Antes que se pergunte os porquês do que irei dizer, adianto que nesse momento minhas camadas de trabalho no projeto se sobrepõem ao máximo e, inevitavelmente, se influenciam. Enquanto escrevo este texto, estamos a uma semana do lançamento da primeira publicação no site do projeto. Decidimos fazer uma live em que os artistas convidados fazem perguntas para as pessoas da equipe. O João Maciel perguntou se há um aspecto comum aos artistas, “se existe algum motivo pelo qual estamos trabalhando juntos?” Essa pergunta somada ao trecho final da edição da entrevista com o Yan me fez ver todo o projeto em retrospectiva. Você fala sobre a possibilidade do amor, e de alguma maneira começo a sentir que todos os artistas falam, seja pela percepção do quanto ainda falta para essa possibilidade se concretizar, seja para compartilhar um vislumbre da manifestação dessa força. O amor, ao longo do projeto, já atravessou muitos assuntos: a diversidade, o humor, a escuta, a destruição, a delicadeza, a cura, mas tem uma força que o manifesta e que também sempre volta: a ideia de movimento, de geração de vida, de mutação.
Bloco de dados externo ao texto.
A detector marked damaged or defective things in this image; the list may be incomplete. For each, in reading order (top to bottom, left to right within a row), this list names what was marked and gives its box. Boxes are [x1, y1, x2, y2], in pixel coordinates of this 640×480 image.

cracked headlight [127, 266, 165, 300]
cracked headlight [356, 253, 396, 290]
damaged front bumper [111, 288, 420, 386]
Eu mencionava o movimento como uma questão que sempre voltava nos diálogos com os diferentes artistas, como uma força de vida que permeava todos os processos.

A essa altura interrompo a escrita do texto para ler seu trabalho de conclusão de curso. Mapear questões a partir da sua voz. E encontro o que era minha mais recente descoberta: essa relação entre o amor e o movimento já está lá, detalhadamente narrada por você. O que fazer? Reescrever o texto ou seguir um novo caminho sem apagar o processo? Por estarmos falando de desenho, arriscarei a segunda opção. E o que me resta dizer além do que você mesmo diz, além de amplificar sua voz? Talvez a questão, pra mim, seja essa: amplificar visões de mundo e modos de vida que redesenhem o mundo não como um ensaio de esperança, mas sim pelas realidades que se criam nas maneiras de se estar e de se fazer.

Voltando ao amor, passo aos pares de oposição, não como um contraponto, mas de novo para dizer da maneira. No âmbito da criação, tenho olhado para as oposições como uma espécie de tensão amorosa, que nos permitimos experienciar e, assim, aprender, e que em seus processos se manifesta nas relações entre o excesso e o mínimo de matéria, a luz e a sombra, a pequena e a grande escala, a superfície da pele e a profundidade da memória.

E convido lermos esse fluxo, que nasce da coexistência dos pares de oposição, como mais uma manifestação do movimento, que em seus processos e produções se instaura como realidade que repercute em diferentes instâncias e escalas, como, por exemplo, o seu corpo que revela seu olhar em seus vídeos, as representações bidimensionais e tridimensionais do corpo que neles ganham alma. De novo o seu corpo, que se ritma nos gestos, se estende no tempo a fazer grandes desenhos, as linhas que criam a superfície de uma pele escura de grafite/carvão, em que as texturas são como inscrições de memórias. As ideias e notas transcorrem dos cadernos para os registros fotográficos, tornando-se trabalhos, em uma fluidez entre as linguagens pelo modo em que os elementos transitam de uma à outra. Diante do movimento tácito do corpo desenhado que repousa, penso em dança, uma dança no escuro do útero, que suspende o tempo..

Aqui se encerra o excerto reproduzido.